The person in blue is my half-brother. All of the blue segments come from the autosomal DNA I received from the father I share with that brother. Our father was born in Germany, all of his family lines are in Germany as far back as we can find records, and there isn’t even a hint that our father and my mother could have any ancestors in common within the last four or five hundred years at a minimum.

So what you’re seeing here is my mother’s side in orange, and my father’s side in blue. Even though the segments are labeled with the same chromosome number, remember that we all have pairs of chromosomes: two chromosomes 1, two chromosomes 2 and so on. One came from our mothers, one came from our fathers.

When Katherine looks at the same tool on 23andMe, what she’s seeing there — and what we’re seeing here — is how each person matches her.
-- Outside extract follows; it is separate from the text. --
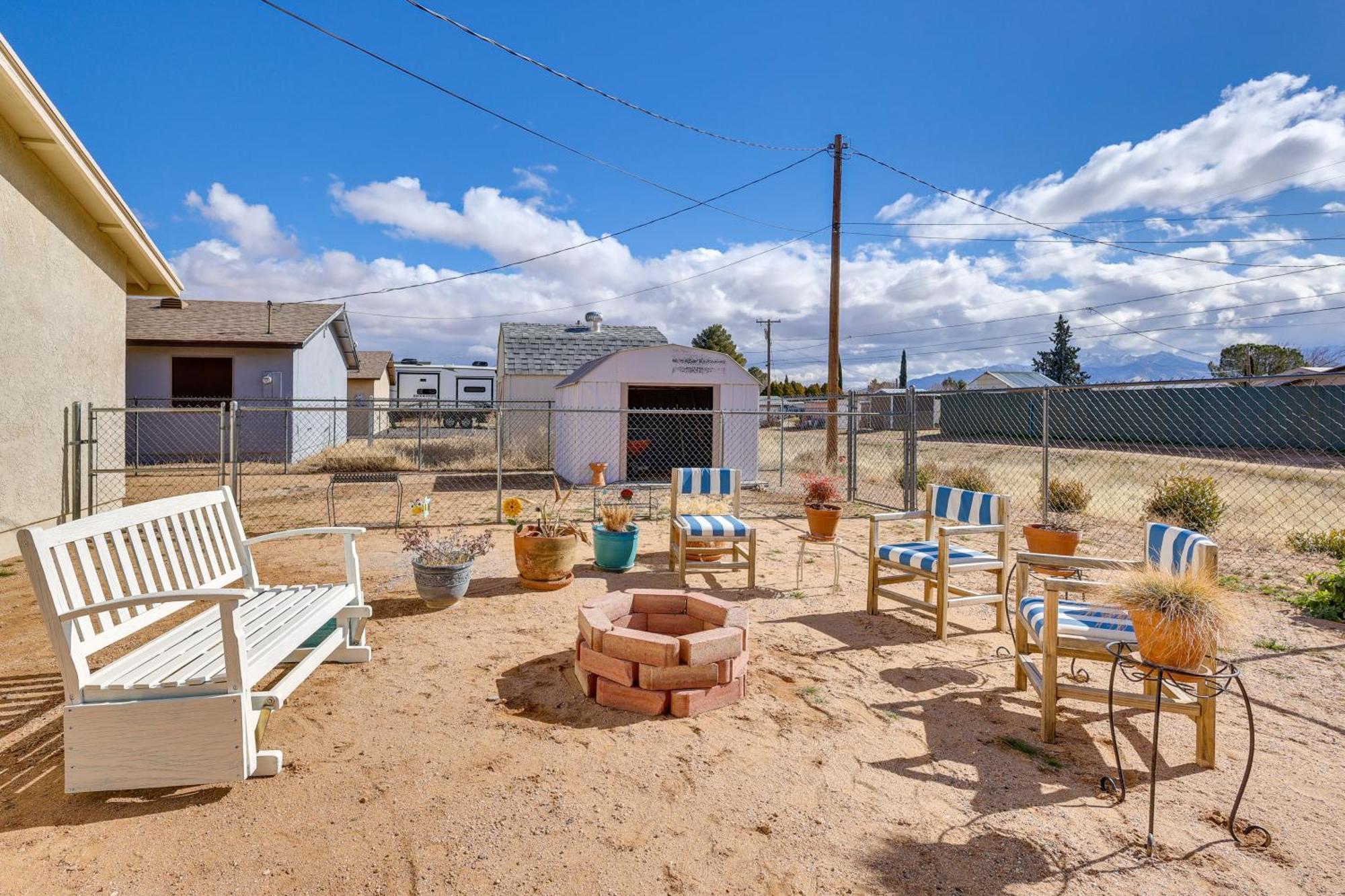 Kingman Vacation Rental With Yard And Fire Pit Zewnętrze zdjęcie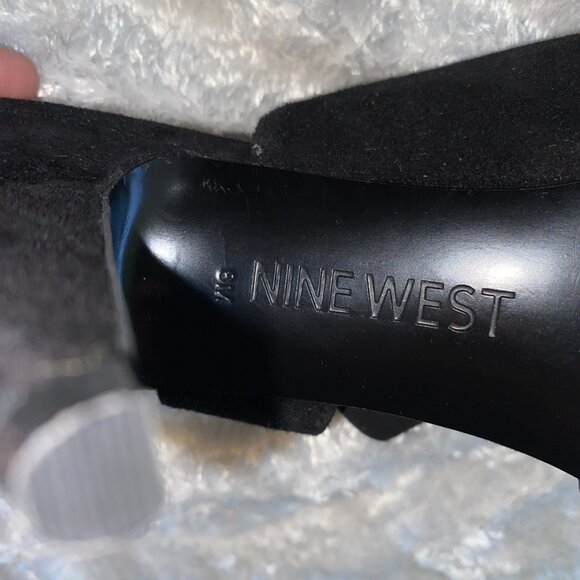 NINE WEST BLACK SUEDE HEELS 8 GENTLY USED - Picture 3 of 4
AB could be a cousin in the line she shares with her paternal grandfather. CD could be a cousin in the line she shares with her maternal grandmother. And even if the segments appear to be on the same chromosome, they may be on different chromosomes in that pair of chromosomes, so the results don’t say a thing about whether AB and CD are related to each other.
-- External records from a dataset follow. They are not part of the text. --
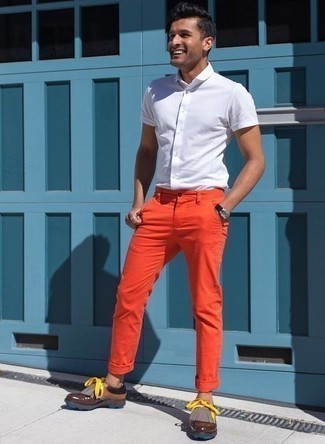 Senf Chinohose kombinieren – 196 Herren Outfits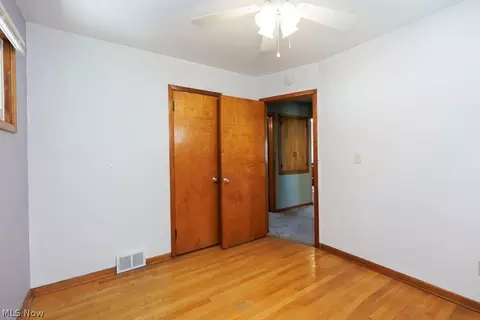 810 E Broad St, Elyria, OH 44035 photo 26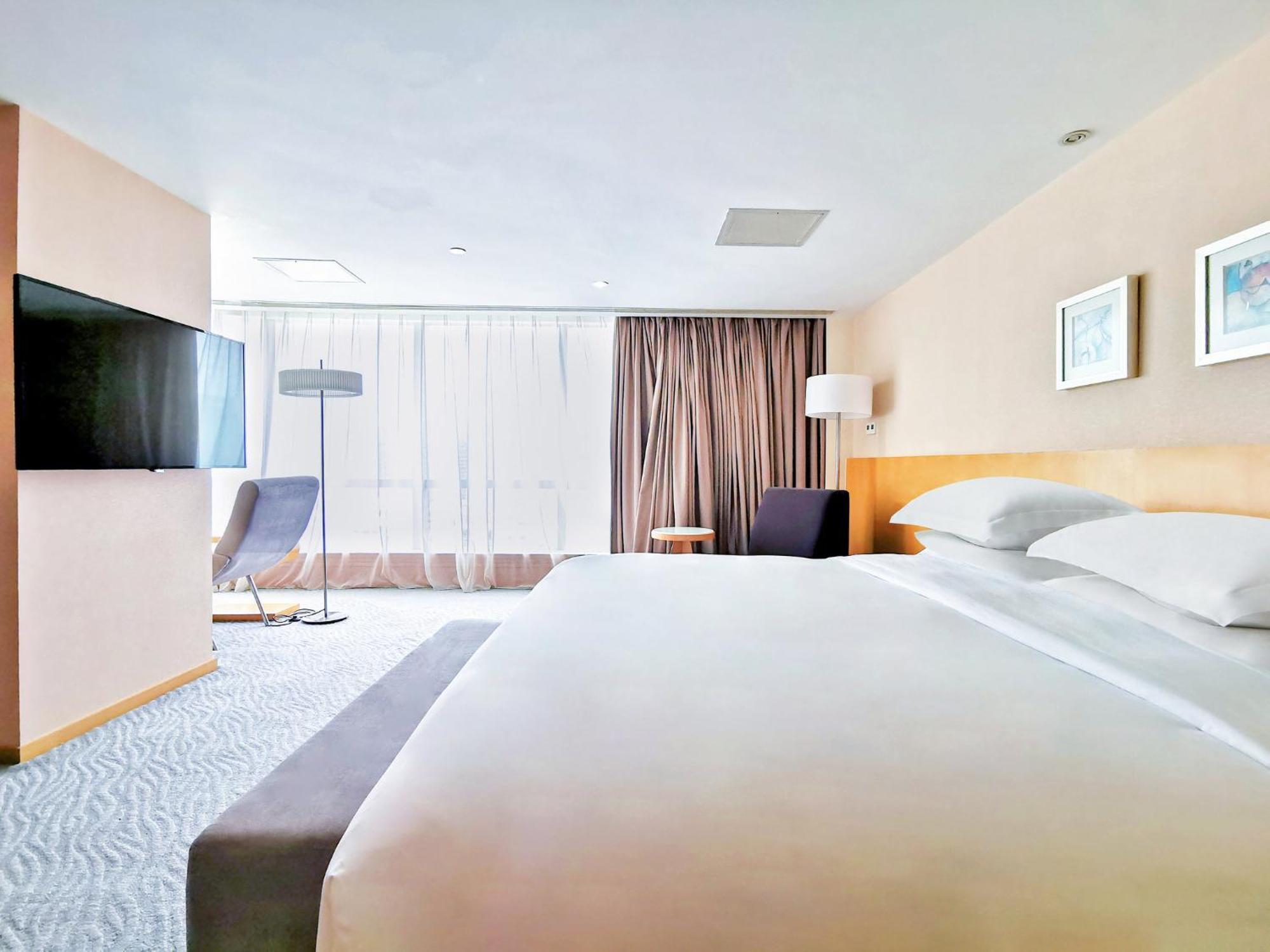 Crowne Plaza Zhuhai City Center By Ihg - Offers Free One-Way Shuttle To Chimelong Ocean Kingdom Dış mekan fotoğraf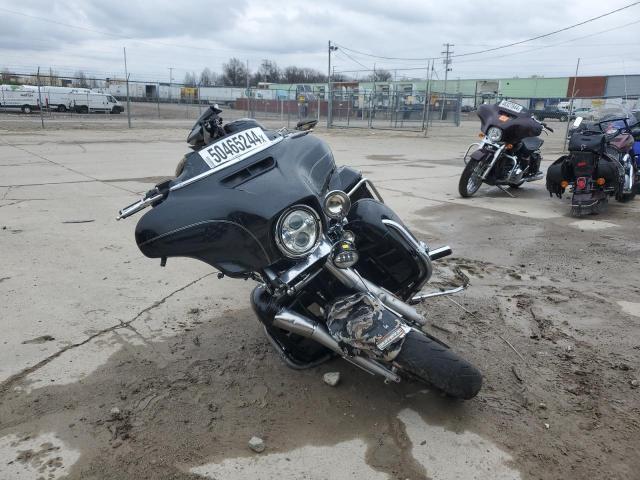 2016 HARLEY-DAVIDSON FLHTCUL UL 1HD1KDM16GB666947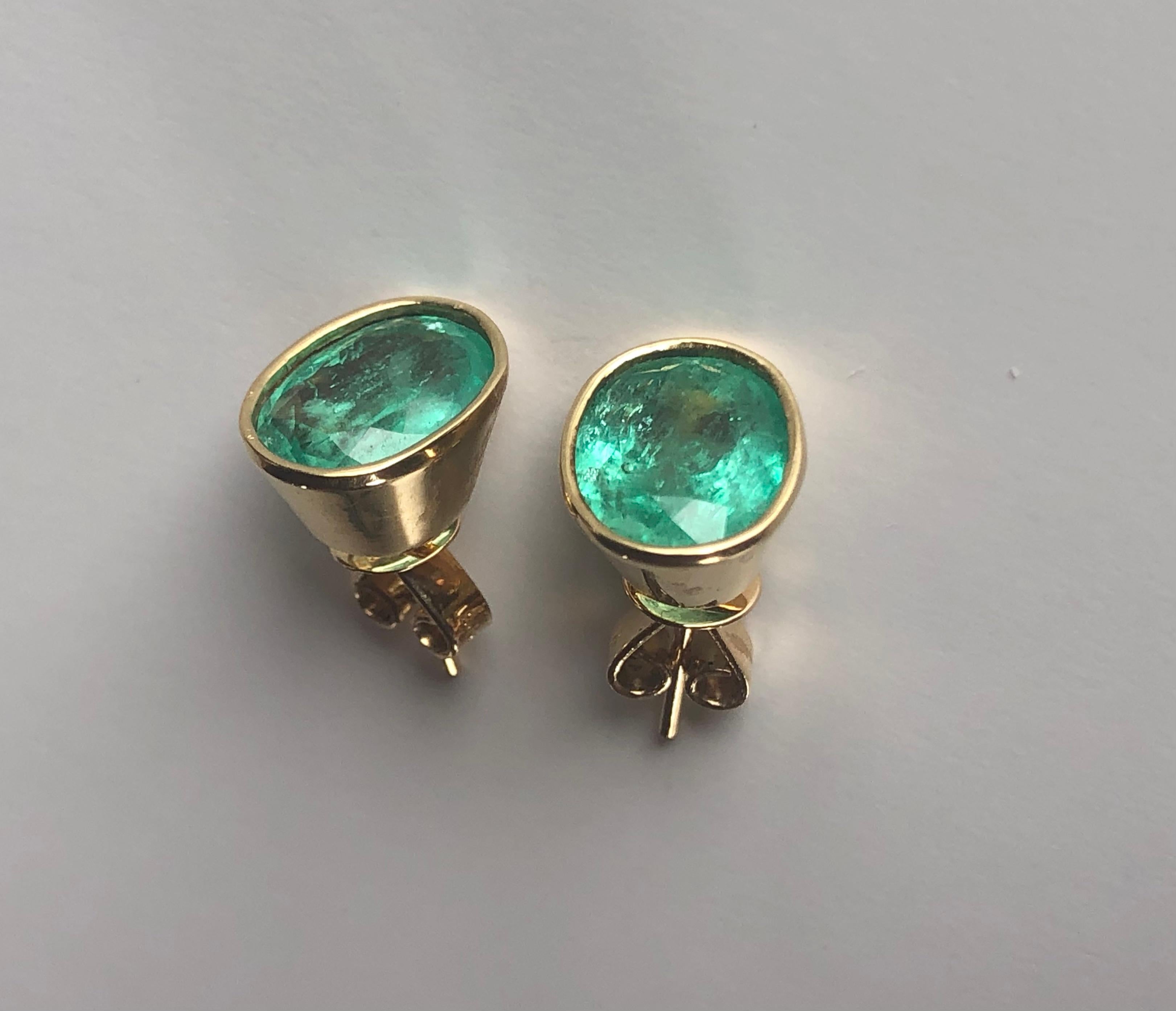 6.00 Carat Natural Colombian Emerald Stud Earrings 18 Karat Gold For Sale 4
Only when you look at how AB matches CD (something you can do in your own chromosome browser on 23andMe but have to get your match to do in his or her chromosome browser on Family Tree DNA) can you see if AB and CD are related to each other. And that won’t tell you if whatever line AB and CD have in common with each other is the same one each of them shares with you.
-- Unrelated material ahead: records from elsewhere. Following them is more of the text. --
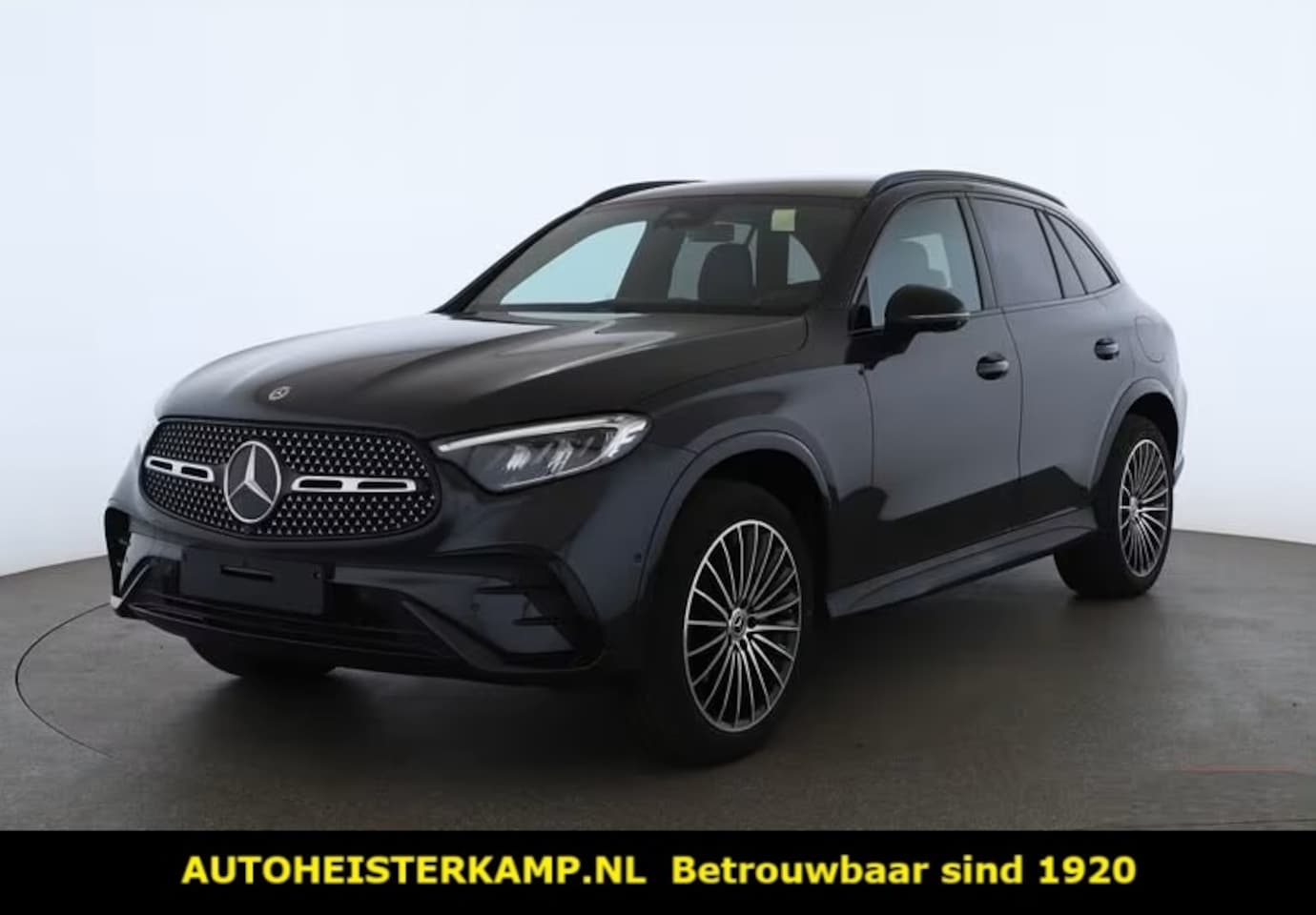 Mercedes-Benz GLC-klasse - 300e 4MATIC AMG Line MEMORY TREKHAAK LED CAMERA STUURVERWARMING STOELVERWARMING - AutoWereld.nl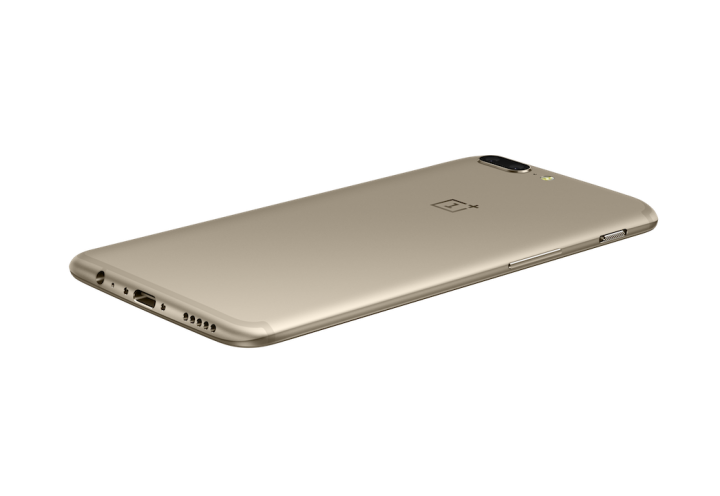 Da domani OnePlus 5 Soft Gold in vendita a 499 euro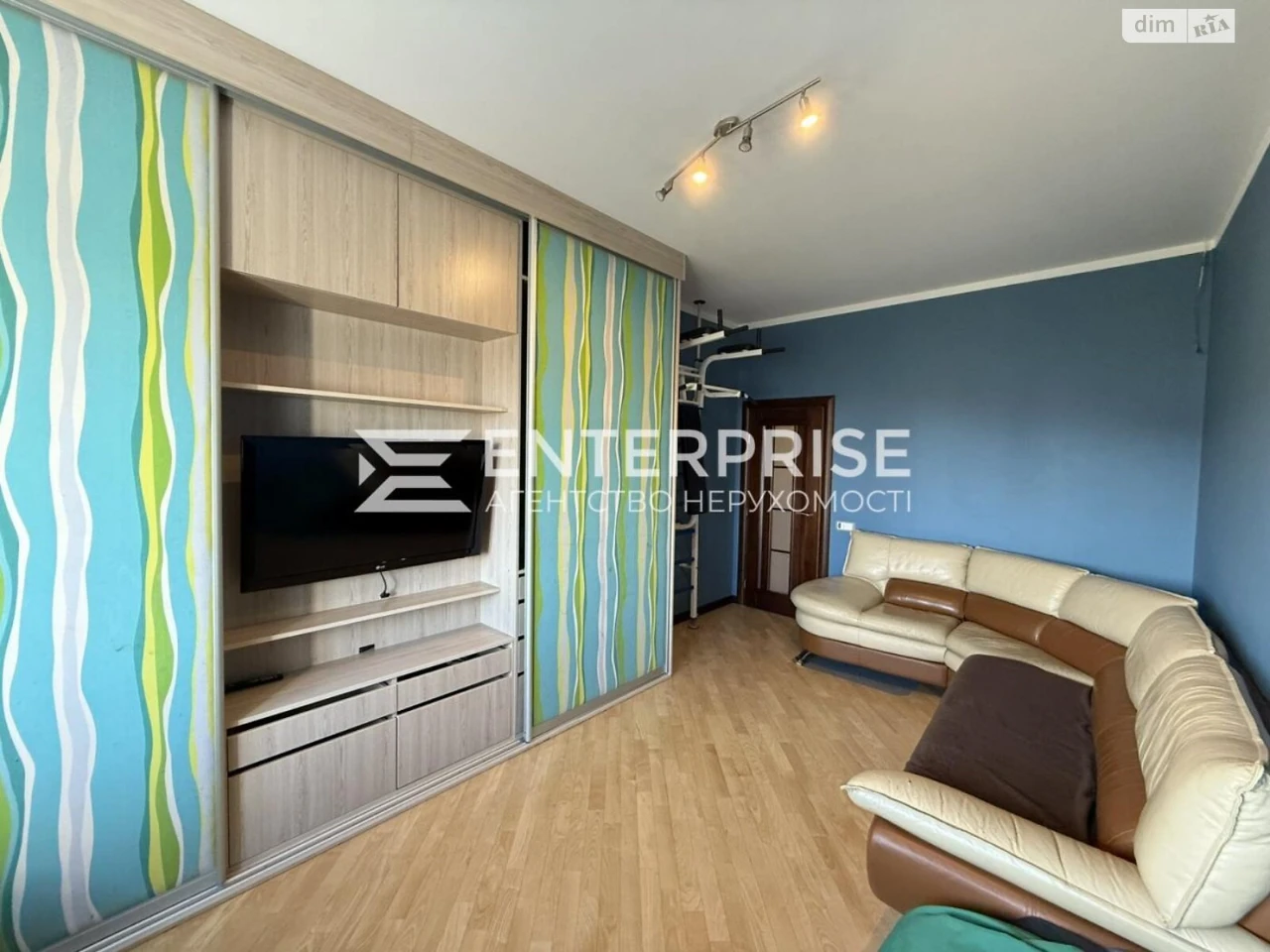 Long-Term Rental Apartment Solomyansky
So when working with autosomal DNA, it’s important to keep in mind how very different it is from the other types of DNA. Matching two people with YDNA or mtDNA almost invariably means a three-way match, and a common shared ancestor somewhere back in time. But matching two people with autosomal DNA means you have a lot of work left to do before you can even theorize that there could be a three-way match, and even more before you can say what ancestral line you might share.


SOURCES

  1. ISOGG Wiki (http://www.isogg.org/wiki), “Y chromosome,” rev. 20 Jul 2013. See also ibid., “Y chromosome DNA tests,” rev. 31 Aug 2013.
  2. ISOGG Wiki (http://www.isogg.org/wiki), “Mitochondrial DNA,” rev. 20 Jul 2013. See also ibid., “Mitochondrial DNA tests,” rev. 19 Jul 2013.
  3. “An autosome is any of the numbered chromosomes, as opposed to the sex chromosomes. Humans have 22 pairs of autosomes and one pair of sex chromosomes (the X and Y).” Glossary, Genetics Home Reference, U.S. National Library of Medicine (http://ghr.nlm.nih.gov/glossary=Glossary : accessed 31 Aug 2013), “autosome.”
  4. See generally Judy G. Russell, “Autosomal DNA testing,” National Genealogical Society Magazine, October-December 2011, 38-43.